# Golden in Wayne, NJ ----Update----



## WLR (May 11, 2008)

Here's more info on Ginger *and *Molly. 
Ginger is 8 and Molly a small poodle, is 7, they have always been together and Wayne Animal Shelter would like to adopt them out that way. 
Ginger came from a breeder, and W.A.S. is looking for more info on that.
Molly had extreme separation anxiety when we took Ginger for her little photo shoot. She also looks a bit scruffy looking so they were going to get the groomer to stop by and make her look more lady like. Going to try to get them together tomorrow or after Molly gets groomed.


----------



## Karen519 (Aug 21, 2006)

*Wlr*

WLR

Ginger is beautiful. Hope she and Molly can find a home together.
Is this the same shelter that MAX is at?


----------



## WLR (May 11, 2008)

Yep. Same place. I've also notified GRRI which I'm a part of now, to see what they can do as far as a 2 for 1 deal.


----------



## Karen519 (Aug 21, 2006)

*Wlr*

WLR

Do you mean two for one with Ginger and Molly or with Ginger and Max?
Confused!

Glad you are a part of GRRI!!


----------



## WLR (May 11, 2008)

2 separate cases....Max, the GR/GS mix that is on pheno.
Ginger & Molly, the GR and Poodle.


----------



## GoldenJoyx'stwo (Feb 25, 2007)

I hope they find a home together.
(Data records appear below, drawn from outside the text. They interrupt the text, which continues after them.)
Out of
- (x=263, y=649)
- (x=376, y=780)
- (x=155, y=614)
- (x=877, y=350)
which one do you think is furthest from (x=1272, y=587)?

I don't think I could ever go in to adopt a dog, know that they have bonded with another, and separate them.


----------



## Sophie_Mom (Jan 21, 2009)

She's beautiful! I sure hope they get a home, together! Fingers crossed!


----------



## Karen519 (Aug 21, 2006)

*Hoping*

I too am hoping that Ginger and Molly get a home together

and I hope that Max on pheno gets saved, too.

Here is GRRI that WLR joined
http://www.dogsaver.org/grri/


----------